One gotcha: if you’re building anything that needs to interact with ChatGPT—like exposing an MCP server—Cloudflare’s Bot Fight Mode blocks it by default. You’ll need to turn that off:

Cloudflare Bot Fight Mode toggle disabled

Tunnels per branch

The real unlock was automating tunnel provisioning.

I use the Cloudflare API to provision a new tunnel for each feature branch automatically. No collisions. Each branch gets its own public URL. When I spin up a new feature, it’s immediately accessible from the internet with its own hostname.

This is what makes the isolated environment actually useful for real development. You’re not just running code locally—you’re running a full environment that behaves like production.

Secrets

For secrets, I use 1Password with a dedicated vault that I think of as a “team vault” for AI agents. I create service accounts and use 1Password Connect to inject credentials at runtime.

For destructive operations—git pushes, deployment keys—I keep those behind the SSH agent on my host machine. It prompts for biometric auth before those secrets are accessed inside the container. The agent can’t accidentally push to main without my fingerprint.

The mental model: treat the AI agent like a new hire. Give them their own credentials. Scope their access. Don’t share your personal keys.

Verification

The agent needs tools to verify its own work.

I use Playwright. The agent can spin up a browser, navigate to the feature it just built, click through the UI, take screenshots, and check that things work end-to-end. Not “the code compiles.” Not “the tests pass.” Actually: “the user can do the thing.”

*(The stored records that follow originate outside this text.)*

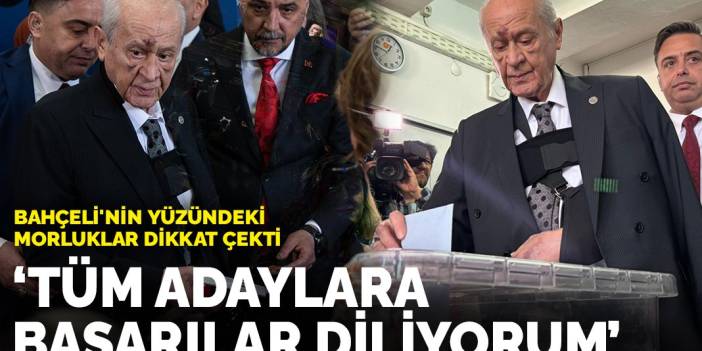 Bahçeli'nin yüzündeki morluklar dikkat çekti: Adaylara başarılar diliyorum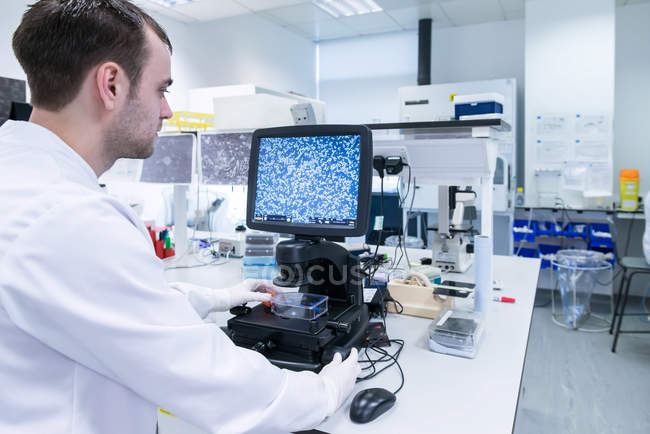 Лабораторія дослідження раку, вчений вивчає клітини під мікроскопом за допомогою екрану комп'ютера — стокове фото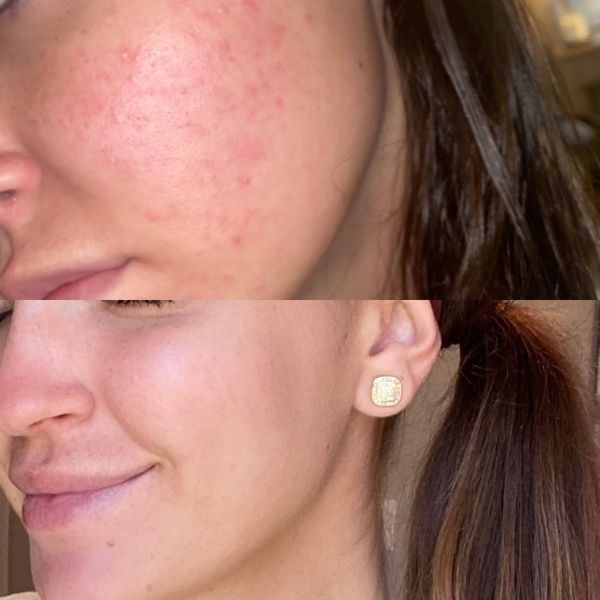 A before an after shot of a woman's cheek cleared of acne.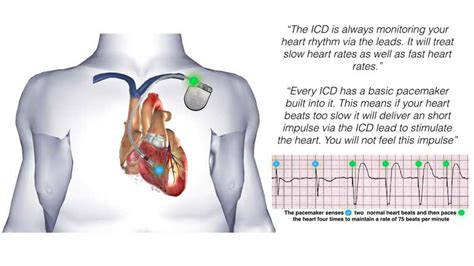 Icd Vs Pacemaker - :: Dr. Swapan Kumar De :: Cardiac Device Implantation ... / It is so deadly ...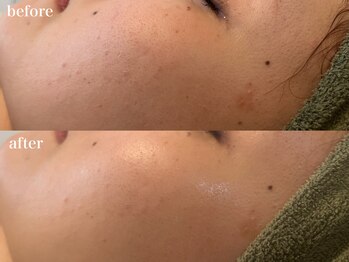 リボーン 浜松(reborn)/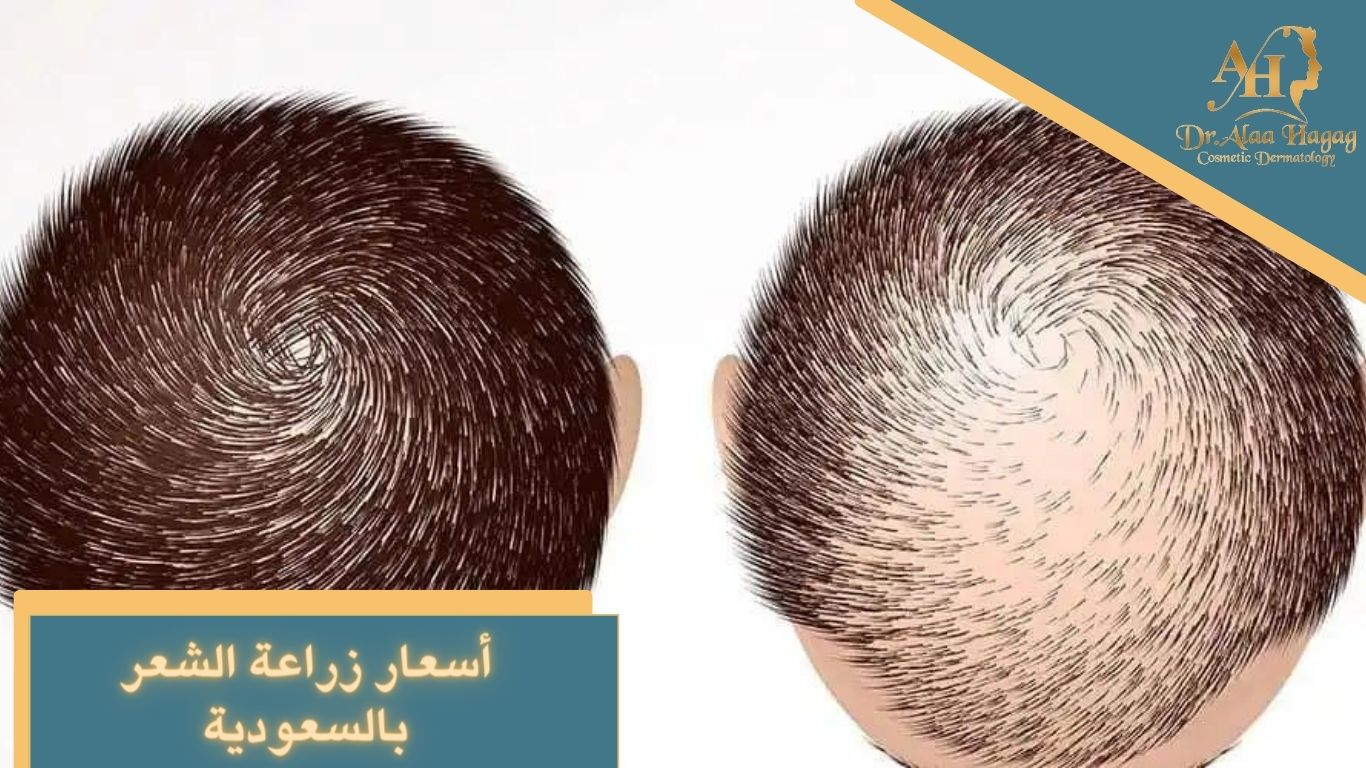 أسعار زراعة الشعر بالسعودية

This matters because agents are trained to declare success. If you don’t give them a way to genuinely verify their work, they’ll just tell you it’s done. Give them Playwright and teach them to use it, and they’ll actually check.

In my specs, I include a “manual testing” section that describes exactly how to verify the feature. The agent reads it, does the verification, and reports back. It doesn’t catch everything, but it catches the “four working components that don’t work together” failures that used to burn me.

Letting go

I packaged this into a tool called BranchBox. It’s an open-source engine for spinning up isolated dev environments per Git branch. Every feature gets its own worktree, devcontainer, Docker network, database, ports, and tunnels. No collisions. No shared state.

I’ve been running this setup for a few months now. For the first time, I can actually use YOLO mode.

I kick off an agent. I point it at the spec. I walk away. I come back to work that holds up. Not always—the agent still makes mistakes. But when it breaks things, it breaks them in a container I can throw away. The blast radius is zero.

YOLO mode only works when YOLO can’t hurt you.

What’s next

I’m still refining this. The patterns keep evolving.

Throughout December, I’ll write more about specific pieces: automating tunnel provisioning, structuring the docs/backlog workflow, teaching agents to verify with Playwright.

If you’re building something similar, I’d love to hear what’s working. And if you want to try BranchBox, it’s on GitHub.

The model isn’t the bottleneck anymore. The environment was. Once I fixed that, I could finally stop babysitting and start shipping.